Write a configuration json file "config.json" and run a python script "main.py" to generate automatic EDA for forecast time series
- Most of the analysis can be applied for other kind of data. Only trends plots and acf/pacf are applied only to time series
- In the folder data there are a jupyter notebook to generate 3 differents datasets used in this notebook. But the pkl file with the data are not pushed
- There is a folder output_eda where are saved the plots output of the eda. This output are not pushed but can be obtained running the codes
- There codes to do subplots that are invoked in the script main.py. But, in addition, there are codes to generate individual plots that there are not called in the script main.py (for example: there a function to plot subplots of histograms that are called in the script main.py but also there a function to plot the histogram of only one feature). For ALL PLOTS there the version of individual plot and the version of subplot
- The repo with jupyter notebooks used to generate this scripts can be find in the following link: https://github.com/joseortegalabra/exploratory-data-analysis
- There are a lot of functions that recibe a pandas dataframe and other parameters that each function needs and return a plotly figure
- Then with the plotly figure you can see in a jupyter notebok with the method fig.show() or you can saved it in a folder with the methods fig.write_html to get a html interactive figure or fig.write_image to get a static image similar to other packages as matplotlib or seaborn
- In the script main.py the order is read the config file, then read the parameters since de config.json that you will use and finally call the function to generate the plots to get a plotly figure and finally decide what to do (show, save html, save png, save pdf, etc)
- It is very simple
- Open a console, for example anaconda prompt
- activate env that you are using. conda env list. conda activate -name
- navigate into folder where are located this repo. cd .. cd automatic-exploratory-data-analysis
- run script main.py. -> python main.py
Explications of config.json to complete it.

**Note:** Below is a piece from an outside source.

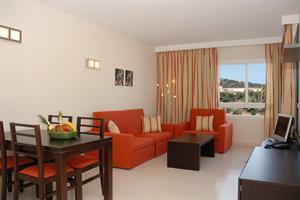 Hotel Illot Suites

Important, this configuration is only for the plots that need it. In the codes a lot of more plots is generated, but this ones doens't need parameters
global parameters
"name_report": "indicate the name of the report"
"name_data_pkl": "indicate name of the file that have the data"
"target": "indicate name of target"
"list_features": "indicate list of features"
"number_columns": "indicate the numbers of columns to plot that accepted multiple columns"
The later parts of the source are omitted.